Figure 1. The mechanism of AMH action via receptor Proteolysis of AMH pro leads to a conformational change in the C -terminal domain that allows binding AMRH II. AMH-RII induces binding type I receptor, which is phosphorylated by a kinase receptor type II. The activated AMH-RI in turn phosphorylates further Smads proteins. Phosphorylated Smads specific receptors translocate to the nucleus, where they regulate gene expression

AMH AND FOLLICULOGENESIS

In females, fetal expression of AMH is observed from the 36th week of pregnancy. In women, AMH is produced by granulosa cells in primordial preantral and small antral follicles. The production of AMH in the follicle starts from the moment of its recruitment and lasts to antral stage development. The highest level of hormone synthesis is observed in granulosa cells of preantral and small antral follicles (to 4 mm). In larger antral follicles (> 8 mm), AMH synthesis slowly decreases until it becomes undetectable [6].

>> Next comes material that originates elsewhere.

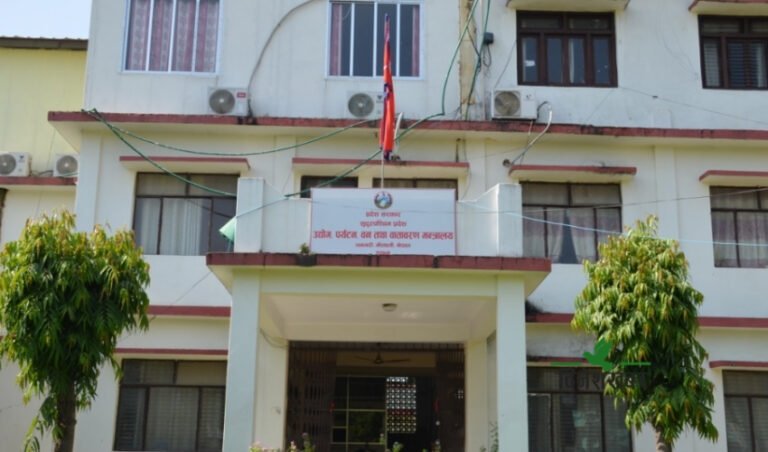 सुदूरपश्चिमको वन मन्त्रालयका ७२ जना कर्मचारीको गरियो सरुवा, को कता, विवरण सहित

AMH inhibits gene and protein lexpression of cytochrome P450 in aromatase granular cells [7]. By reducing the effect of FSH on preantral and antral follicle growth, the anti-Müllerian hormone participates in the regulation of folliculogenesis, thereby inhibiting the recruitment of germinal vesicles.

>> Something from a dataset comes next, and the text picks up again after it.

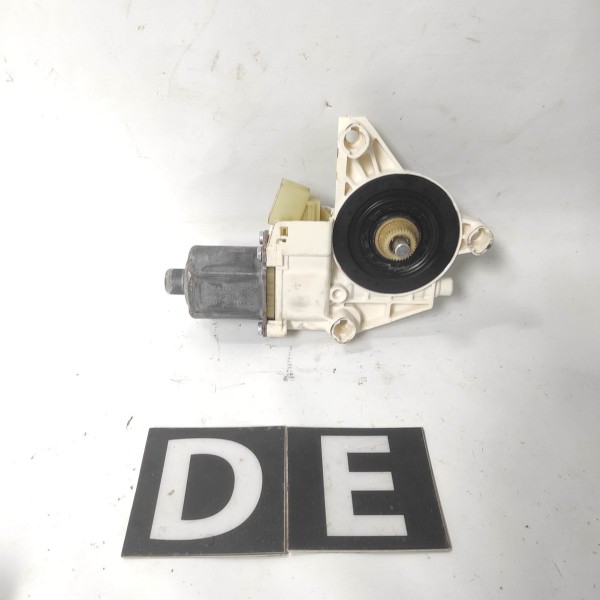 Maquina Vidro Dianteira Esquerda Mercedes C200 07 14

Knowledge concerning the effect of AMH on folliculogenesis was discovered using mice lacking the AMH (type null). The ovaries of four-month-old null mice were twice as large as a wild type mouse, and they contained a lower number of germinal vesicles and a three-fold increase in small growing vesicles [5]. This was due to the increased recruitment of primordial follicles and their transformation to preantral and antral follicles.

Null mice with the larger number of follicles also showed lower levels of FSH, which allowed for the hypothesis that, in the absence of AMH, follicles are more sensitive to the influence of FSH. In in vitro mouse studies, AMH addition to follicular culture inhibited FSH-dependent follicular growth, resulting in a smaller follicle diameter [8]. In vivo studies on null mice showed greater follicle growth occurred at low and at high exogenous FSH administration as compared to wild type animals. The inhibitory effect of AMH on FSH follicular sensitivity may occur during the follicle selection process [5].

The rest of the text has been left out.